→ Record set

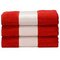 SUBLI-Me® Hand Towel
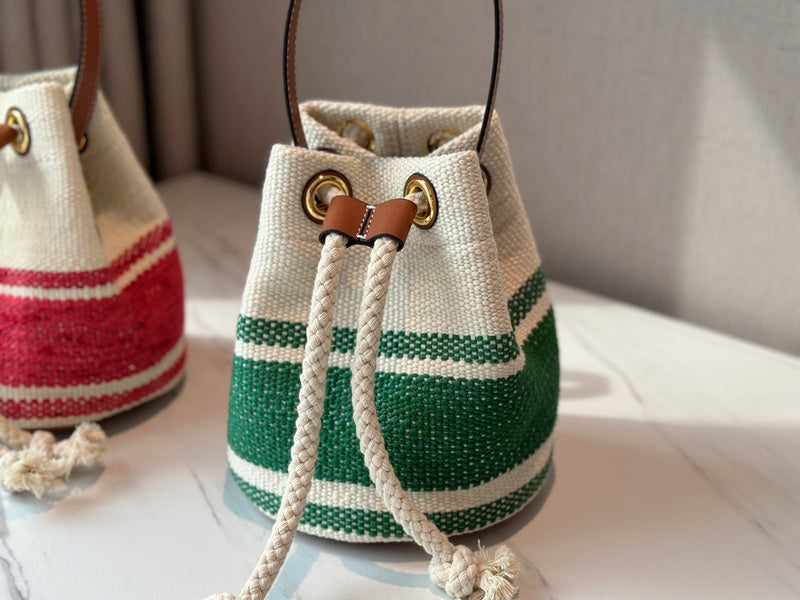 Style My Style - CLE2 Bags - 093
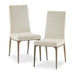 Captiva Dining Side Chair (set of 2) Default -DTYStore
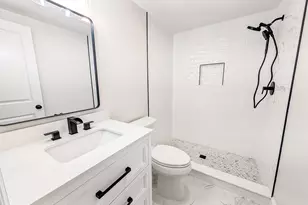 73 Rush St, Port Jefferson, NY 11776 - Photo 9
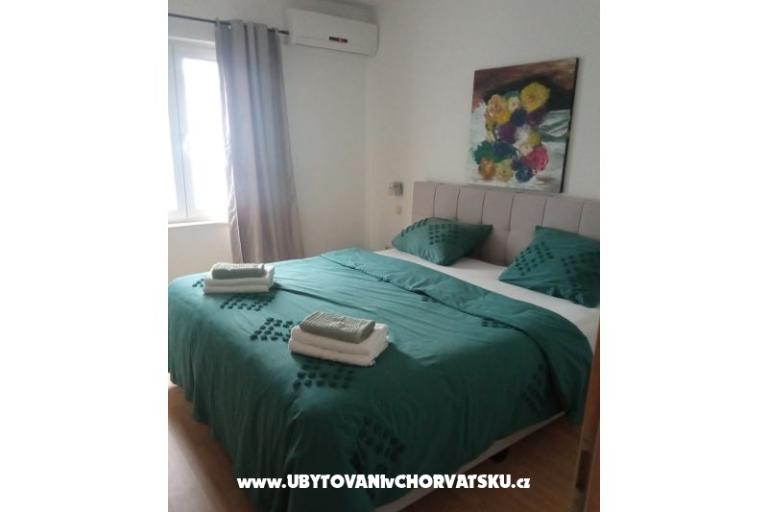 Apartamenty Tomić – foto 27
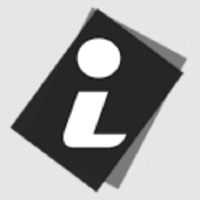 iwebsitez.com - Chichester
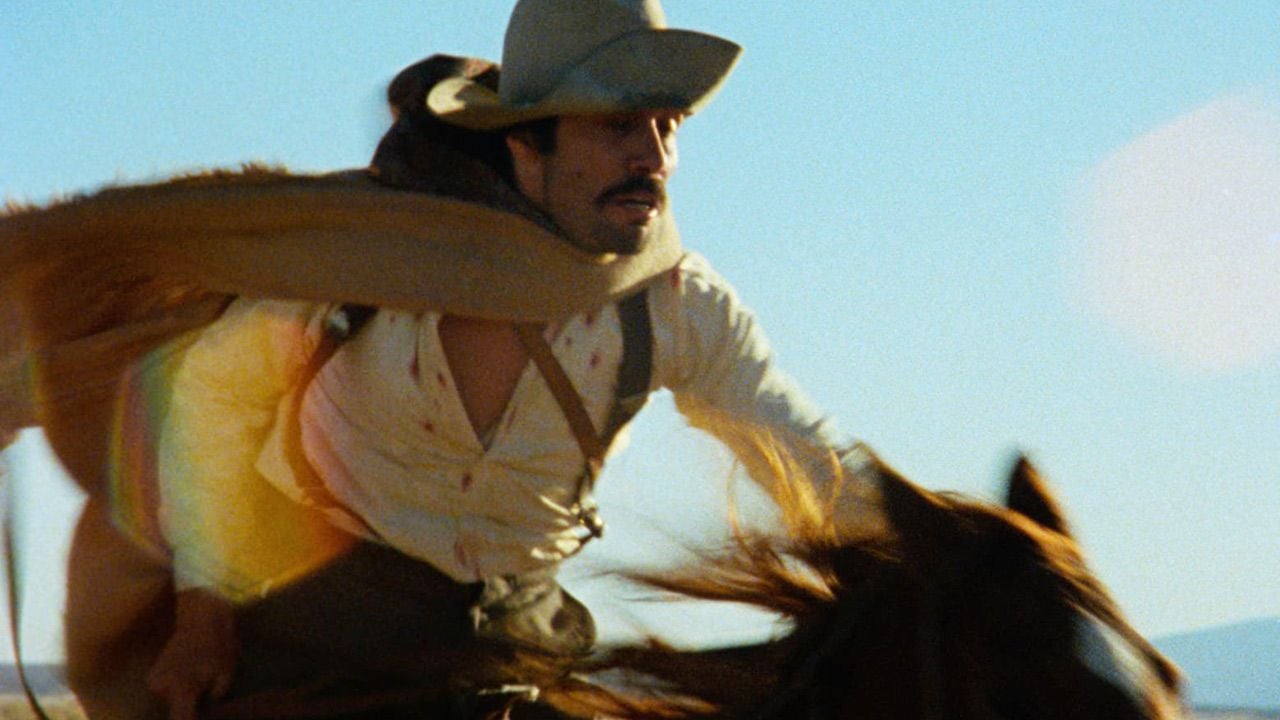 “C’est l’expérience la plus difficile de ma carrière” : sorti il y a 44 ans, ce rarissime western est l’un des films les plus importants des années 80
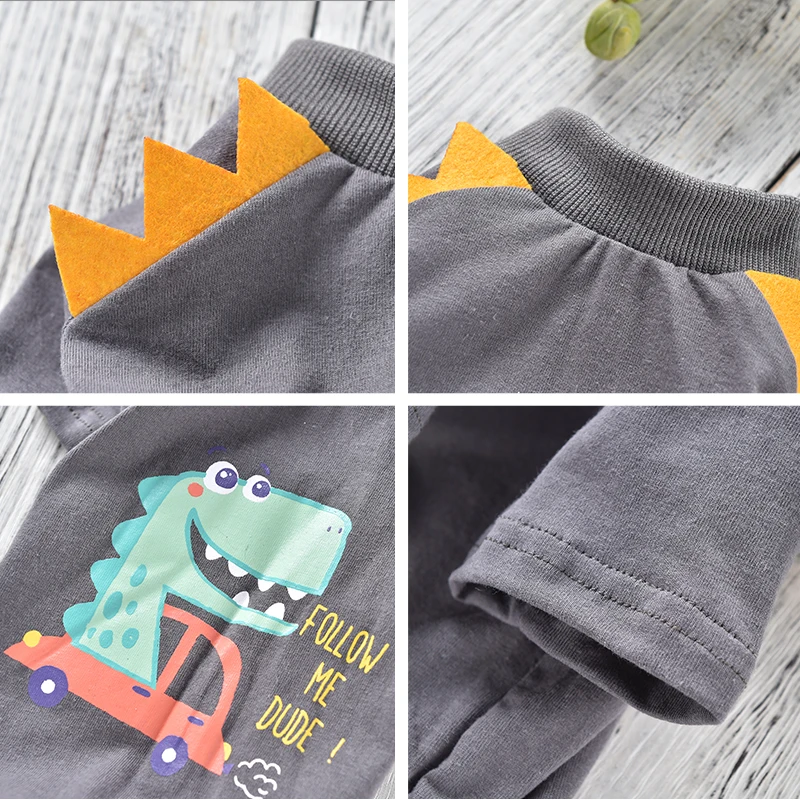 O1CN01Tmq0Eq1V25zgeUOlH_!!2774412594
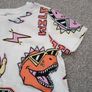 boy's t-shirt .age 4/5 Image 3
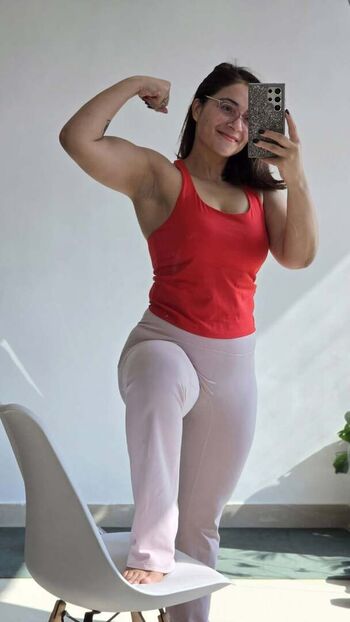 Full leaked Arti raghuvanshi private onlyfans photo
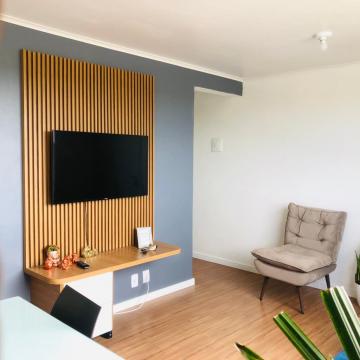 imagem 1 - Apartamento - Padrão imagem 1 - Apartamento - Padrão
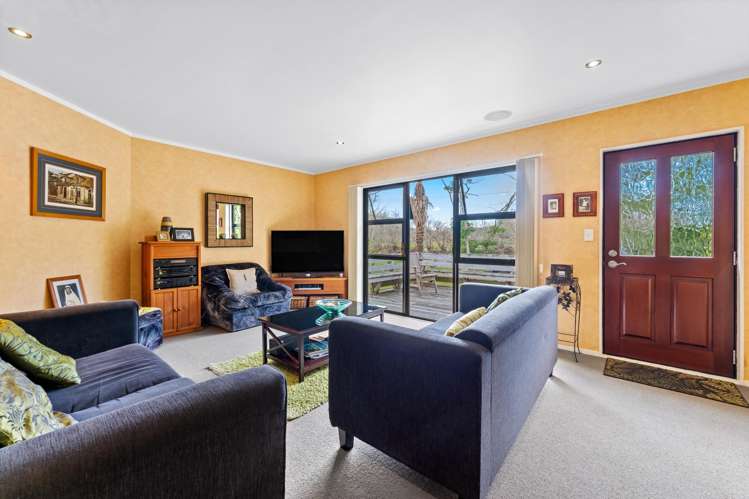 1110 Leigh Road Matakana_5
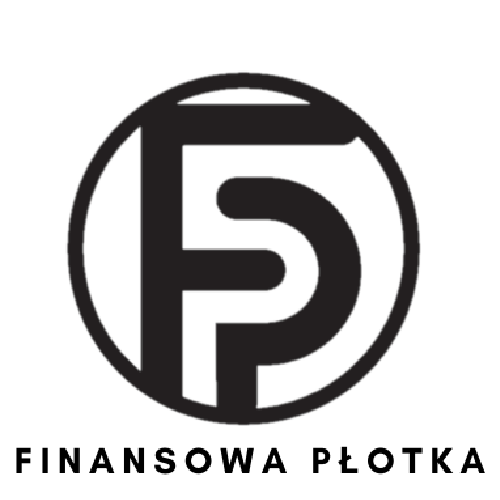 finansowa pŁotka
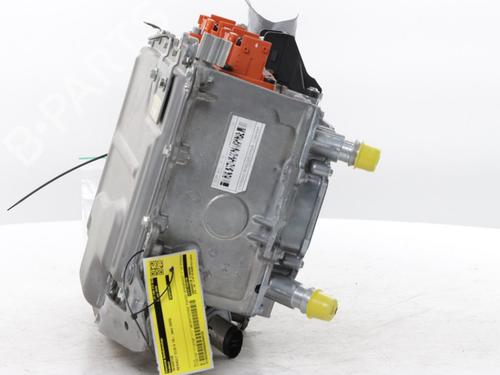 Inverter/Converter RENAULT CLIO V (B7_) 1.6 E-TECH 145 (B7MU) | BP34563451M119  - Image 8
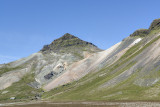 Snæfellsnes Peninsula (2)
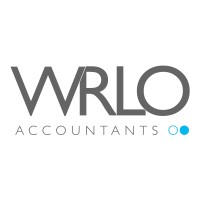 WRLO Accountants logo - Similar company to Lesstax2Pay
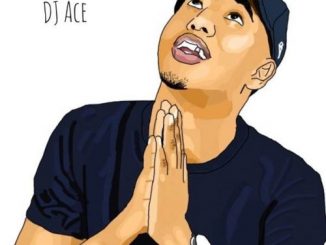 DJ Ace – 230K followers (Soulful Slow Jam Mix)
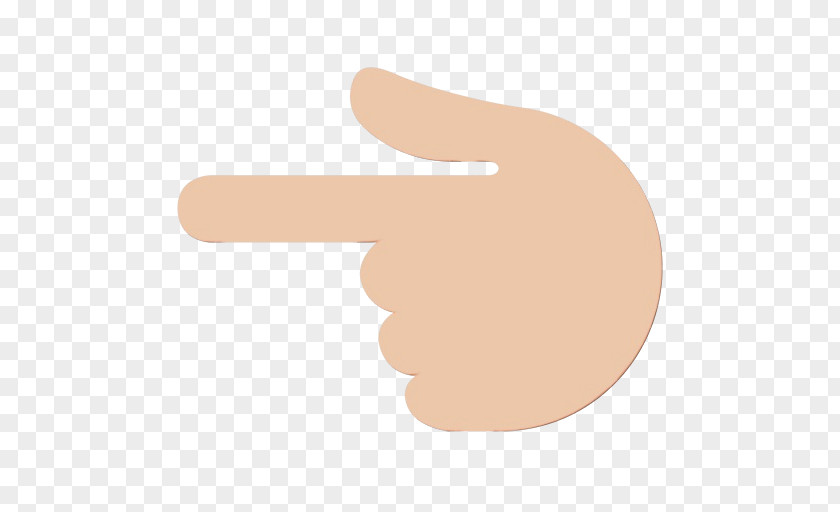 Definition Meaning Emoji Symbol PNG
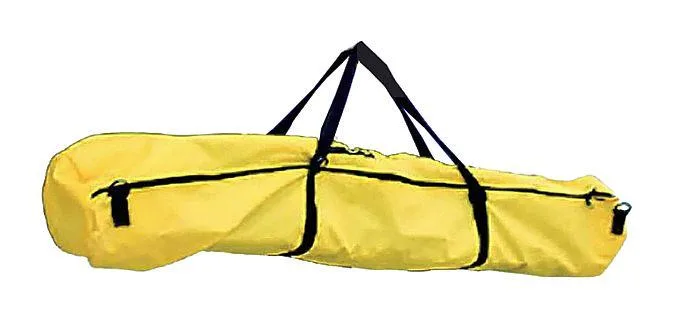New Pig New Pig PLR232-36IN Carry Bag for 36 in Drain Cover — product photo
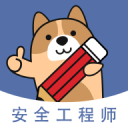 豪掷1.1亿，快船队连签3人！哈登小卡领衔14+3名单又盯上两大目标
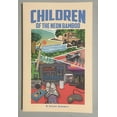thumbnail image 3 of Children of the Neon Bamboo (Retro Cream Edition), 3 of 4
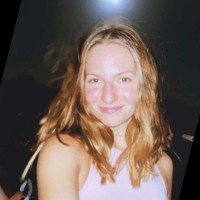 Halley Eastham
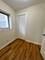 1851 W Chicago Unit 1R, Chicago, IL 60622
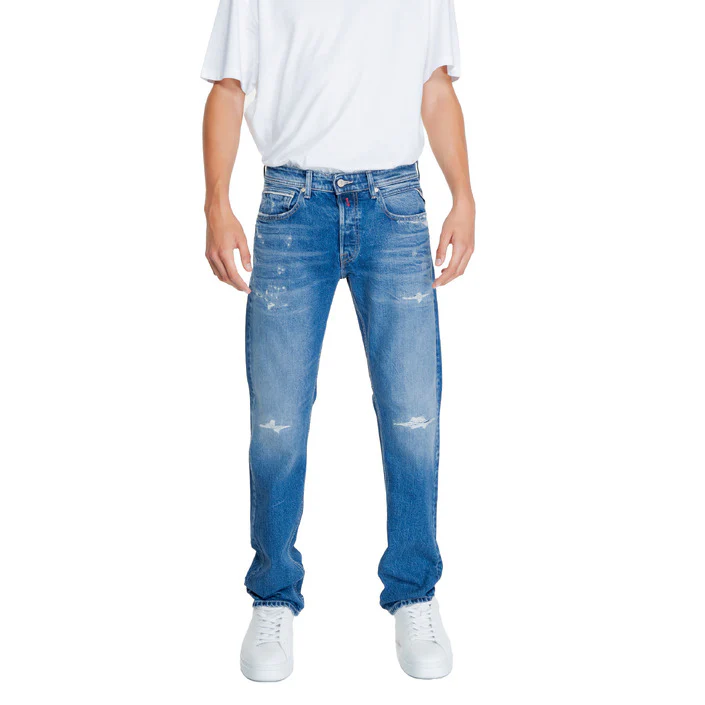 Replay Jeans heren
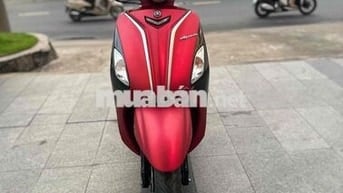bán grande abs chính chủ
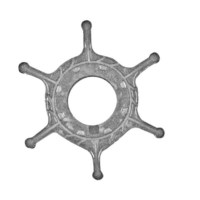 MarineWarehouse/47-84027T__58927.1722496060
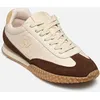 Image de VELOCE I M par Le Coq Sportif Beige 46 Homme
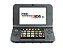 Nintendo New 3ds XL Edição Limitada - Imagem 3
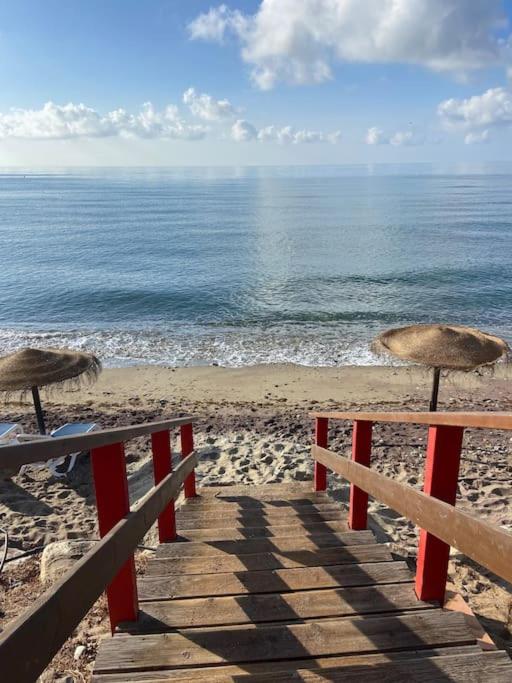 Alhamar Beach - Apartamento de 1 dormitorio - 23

→ Problem details
From the data above, retype only the lines starting with the line with "WRLO Accountants logo" and going on through the line with "bán grande abs chính chủ", exactly, leaving out the pictures.

→ Expected output
 WRLO Accountants logo - Similar company to Lesstax2Pay
 DJ Ace – 230K followers (Soulful Slow Jam Mix)
 Definition Meaning Emoji Symbol PNG
New Pig New Pig PLR232-36IN Carry Bag for 36 in Drain Cover — product photo
 豪掷1.1亿，快船队连签3人！哈登小卡领衔14+3名单又盯上两大目标
thumbnail image 3 of Children of the Neon Bamboo (Retro Cream Edition), 3 of 4
 Halley Eastham
 1851 W Chicago Unit 1R, Chicago, IL 60622
 Replay Jeans heren
bán grande abs chính chủ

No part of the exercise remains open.